A menina que nasceu estrela
Karen Virote da Silva nasceu para brilhar. Desde muito cedo, o canto era sua forma mais natural de se expressar. Sua avó, Maria de Fátima, costuma dizer que “ela não chorava, ela cantava”, e não havia exagero nessa memória afetuosa. Ainda criança, Karen já emocionava quem tivesse o privilégio de ouvir sua voz. Era evidente que algo extraordinário habitava nela.
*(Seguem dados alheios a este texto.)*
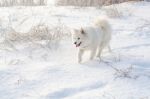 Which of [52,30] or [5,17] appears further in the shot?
[5,17]

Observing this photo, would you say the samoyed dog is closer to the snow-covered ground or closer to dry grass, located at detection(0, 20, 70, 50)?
the snow-covered ground

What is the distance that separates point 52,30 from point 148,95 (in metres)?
2.93

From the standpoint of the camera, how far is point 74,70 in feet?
16.7

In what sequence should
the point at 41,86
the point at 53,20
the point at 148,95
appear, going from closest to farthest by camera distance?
the point at 148,95
the point at 41,86
the point at 53,20

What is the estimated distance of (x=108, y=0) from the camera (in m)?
10.5

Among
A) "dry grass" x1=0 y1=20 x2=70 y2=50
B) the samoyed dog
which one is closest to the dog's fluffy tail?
the samoyed dog

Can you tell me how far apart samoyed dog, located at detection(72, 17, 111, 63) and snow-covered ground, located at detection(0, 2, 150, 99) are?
0.14 metres

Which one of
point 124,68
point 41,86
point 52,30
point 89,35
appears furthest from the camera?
point 52,30

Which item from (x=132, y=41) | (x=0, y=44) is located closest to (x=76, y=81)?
(x=0, y=44)

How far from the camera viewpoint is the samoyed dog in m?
5.75

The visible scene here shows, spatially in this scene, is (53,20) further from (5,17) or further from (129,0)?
(129,0)

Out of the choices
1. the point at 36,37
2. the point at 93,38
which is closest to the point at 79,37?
the point at 93,38

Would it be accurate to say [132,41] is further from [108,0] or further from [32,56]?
[108,0]

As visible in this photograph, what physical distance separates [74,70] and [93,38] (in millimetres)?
896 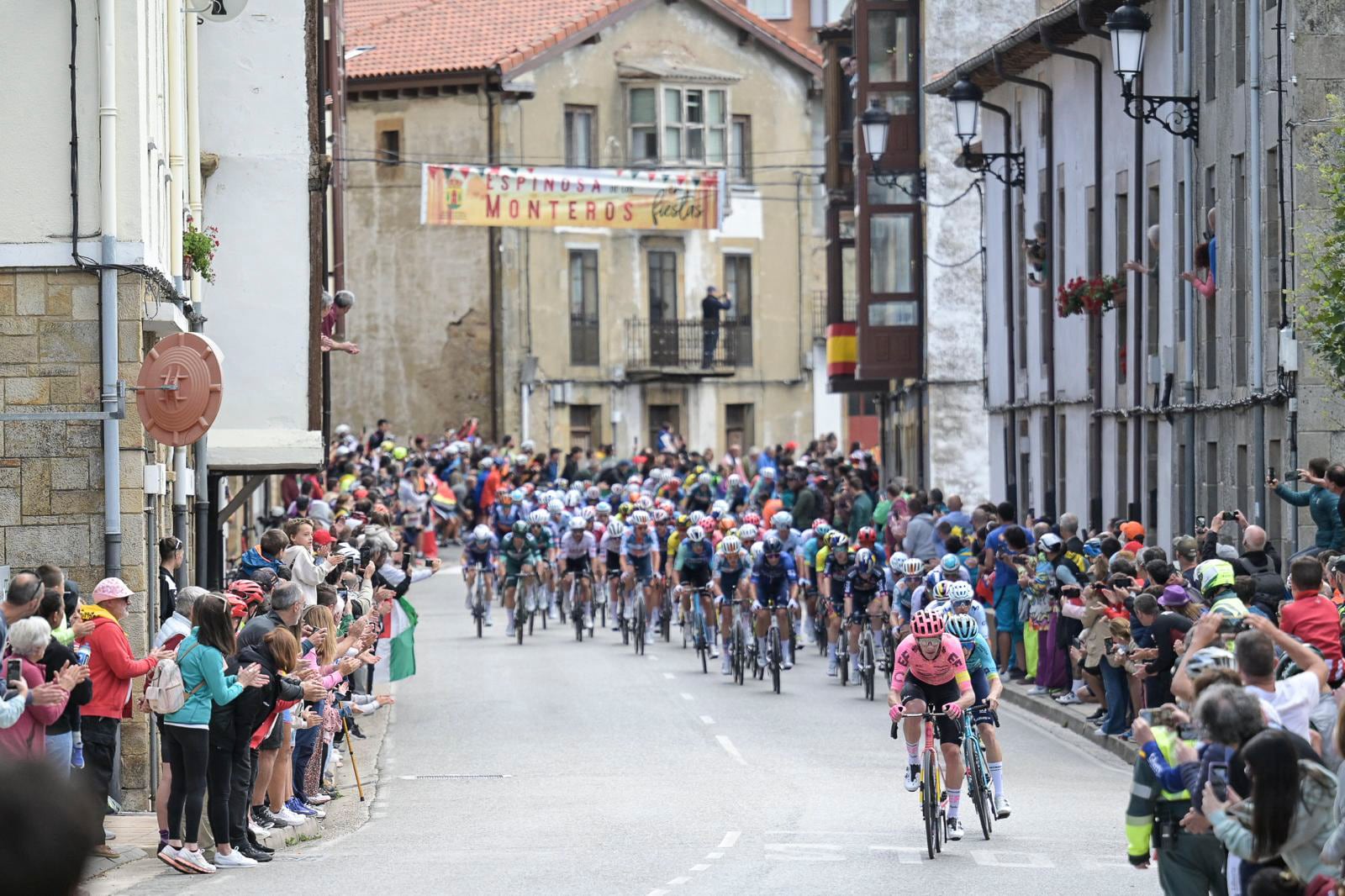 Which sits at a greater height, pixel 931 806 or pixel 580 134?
pixel 580 134

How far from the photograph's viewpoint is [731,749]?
1917 centimetres

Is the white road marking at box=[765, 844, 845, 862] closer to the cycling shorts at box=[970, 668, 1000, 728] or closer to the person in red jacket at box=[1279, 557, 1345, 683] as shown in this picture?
the cycling shorts at box=[970, 668, 1000, 728]

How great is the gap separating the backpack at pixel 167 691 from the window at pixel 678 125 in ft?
143

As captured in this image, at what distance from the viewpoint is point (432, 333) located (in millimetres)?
55469

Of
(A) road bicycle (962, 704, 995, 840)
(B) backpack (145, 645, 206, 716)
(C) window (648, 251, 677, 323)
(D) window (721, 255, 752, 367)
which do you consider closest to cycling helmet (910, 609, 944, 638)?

Aos 12 anos, em 2020, veio a consagração nacional: Karen Silva foi escolhida entre milhares de crianças para integrar o time de Carlinhos Brown no The Voice Kids, da TV Globo. Com a canção “Ginga”, sucesso de Iza – uma de suas maiores inspirações –, conquistou o técnico, os jurados e o Brasil. Chegou à semifinal, mas sua vitória foi muito além do programa. Karen foi reconhecida como uma promessa real da música brasileira.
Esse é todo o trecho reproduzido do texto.